The physics is explained in the soundstage thread.
 
 

Subjective testing

Imaging is tricky to subjectively test. The reason being the listening material in particular. Get to know a recording well, and stick with it. You will need to know the music by heart.
 
Once you get the hand of it, you will often times hear mics picking up other instruments or singers, as they are meant to do. Singers will thus sometimes wander in the soundstage. They do for "Chess", to name one.
 
I have given a lot of examples above, others could fill inn more details as well.
 
Also, you need to stick with what you hear, and not what you assume to be correct. Some compression algorithms, removes non essential sounds first, like room acoustics. Like echo effects. They also remove the finer details of instrument details. This will improve the pinpointing of these instruments, as a lot of noise surrounding them, simply is removed. Their main traits remain. Less is rendered, thus it is easier to image. Less confusion.
 
So, imaging may be more accurate for lossy compressed playback, than the lossless original. This is why, sonic traits needs to be broken into quantifiable pieces. Just looking at imaging alone, is bloody confusing, giving plenty of false positives.
 
 

Objective testing

Channel separation could be a pre-speaker test.
 
This is plain hard to do by ear, and given the current stage of tech, setting up an objective test for this, will be extremely hard. In particular on the headphone and speaker part. Hopefully, there will be thrown a Nyquist like solution at it sometime in the future, resulting in a brilliant way to test this.
 
For now, I have none.
 
Sep 10, 2015 at 10:44 PM Post #2 of 3
"Sound imaging" is really tough to define; we may feel we know what it means, but the different definitions suggests we might not.
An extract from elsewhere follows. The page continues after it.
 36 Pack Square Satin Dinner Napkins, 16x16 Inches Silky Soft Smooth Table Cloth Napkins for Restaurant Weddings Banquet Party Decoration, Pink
I'm not even sure how to come up with a way of quantifying it. 
 
"Imaging" in relation to "sound" is a mind-twister, since imaging is a visual term, not an sound term. I find myself preferring the Wikipedia definition again, if only because the other definitions seem vague or even incomplete. 
 
Sep 11, 2015 at 3:25 AM Post #3 of 3
  "Sound imaging" is really tough to define; we may feel we know what it means, but the different definitions suggests we might not. I'm not even sure how to come up with a way of quantifying it. 
 
"Imaging" in relation to "sound" is a mind-twister, since imaging is a visual term, not an sound term. I find myself preferring the Wikipedia definition again, if only because the other definitions seem vague or even incomplete. 

 
What is wrong with: "Imaging is the positioning of sounds in width and dept."?